__Activity__
Below are the entries to work from; restate word for word the portion that opens with the line containing "Blanche Zabaneh" and closes with the line containing "BUBS Swedish Candy", keeping both.

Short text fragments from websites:
+ + + + +
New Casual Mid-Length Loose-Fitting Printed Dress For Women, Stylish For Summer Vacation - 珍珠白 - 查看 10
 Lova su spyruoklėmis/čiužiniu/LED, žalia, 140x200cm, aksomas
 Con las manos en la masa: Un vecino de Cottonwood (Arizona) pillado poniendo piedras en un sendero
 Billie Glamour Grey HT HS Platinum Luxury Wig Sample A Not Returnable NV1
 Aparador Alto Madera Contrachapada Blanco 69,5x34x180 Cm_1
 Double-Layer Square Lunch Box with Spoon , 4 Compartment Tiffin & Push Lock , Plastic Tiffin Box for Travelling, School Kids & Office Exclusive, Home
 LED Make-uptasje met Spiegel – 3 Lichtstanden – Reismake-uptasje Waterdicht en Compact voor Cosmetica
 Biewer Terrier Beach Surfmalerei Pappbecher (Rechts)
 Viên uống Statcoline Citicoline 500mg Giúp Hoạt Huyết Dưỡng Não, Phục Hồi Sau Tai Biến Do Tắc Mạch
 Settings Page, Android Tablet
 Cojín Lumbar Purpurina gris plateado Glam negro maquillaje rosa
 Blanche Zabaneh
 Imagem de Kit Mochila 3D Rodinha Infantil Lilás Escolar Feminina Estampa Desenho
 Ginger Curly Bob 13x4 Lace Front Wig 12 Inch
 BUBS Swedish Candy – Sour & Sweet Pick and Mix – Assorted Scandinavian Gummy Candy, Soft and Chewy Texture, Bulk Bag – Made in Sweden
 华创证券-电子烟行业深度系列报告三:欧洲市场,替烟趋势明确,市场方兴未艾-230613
+ + + + +
__Response for this exercise__
 Blanche Zabaneh
 Imagem de Kit Mochila 3D Rodinha Infantil Lilás Escolar Feminina Estampa Desenho
 Ginger Curly Bob 13x4 Lace Front Wig 12 Inch
 BUBS Swedish Candy – Sour & Sweet Pick and Mix – Assorted Scandinavian Gummy Candy, Soft and Chewy Texture, Bulk Bag – Made in Sweden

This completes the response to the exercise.